In April 2022, Rogers and four others were shortlisted for appointment to two vacancies at the Constitutional Court. In Rogers's interview, Chief Justice Raymond Zondo disclosed that he had invited Rogers to avail himself for permanent appointment after he made "very important contributions" while serving as an acting justice. Asked about affirmative action, Rogers told the panel that, given the small size of the Constitutional Court, the primary criterion in the selection of judges should be "judicial excellence", not demographic representivity.

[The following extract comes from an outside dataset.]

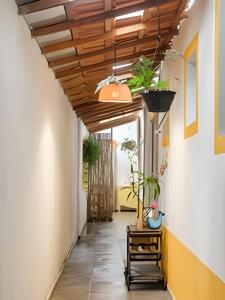 a hallway with a wooden ceiling and plants at CASA TUPI in Ubatuba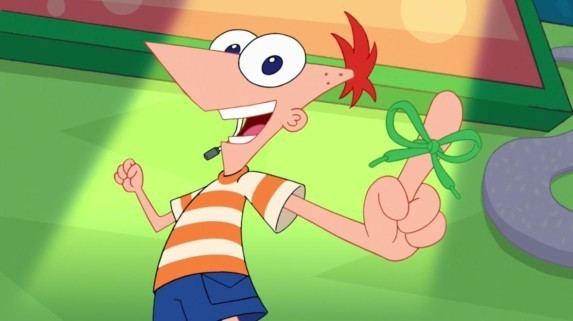 Phineas Flynn smiling while showing his finger with a green ribbon. Phineas with a lapel microphone near his mouth, orange hair, and blue eyes is wearing an orange and light yellow striped t-shirt and blue shorts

He was also asked, by commissioner Jomo Nyambi, about his well-publicised disdain for the practice of conferring silk status on advocates; he said that he retained his view that the practice led to fee inflation and thereby restricted access to justice, but that he had "given it up as a lost cause".

The Judicial Service Commission nominated Rogers and three other candidates for appointment, and President Cyril Ramaphosa elected to appoint Rogers to one of the vacancies. The appointment was announced on 8 June and took effect on 1 August.

== Publications ==

In addition to several articles in academic publications, Rogers wrote a non-fiction book about the lives of the lawyers involved in the Jameson Raid of 1896; it is titled Lawyers in Turmoil: The Johannesburg Conspiracy of 1895 and was published in 2020.

== Personal life ==

He is married to Susan Rogers; they do not have any children.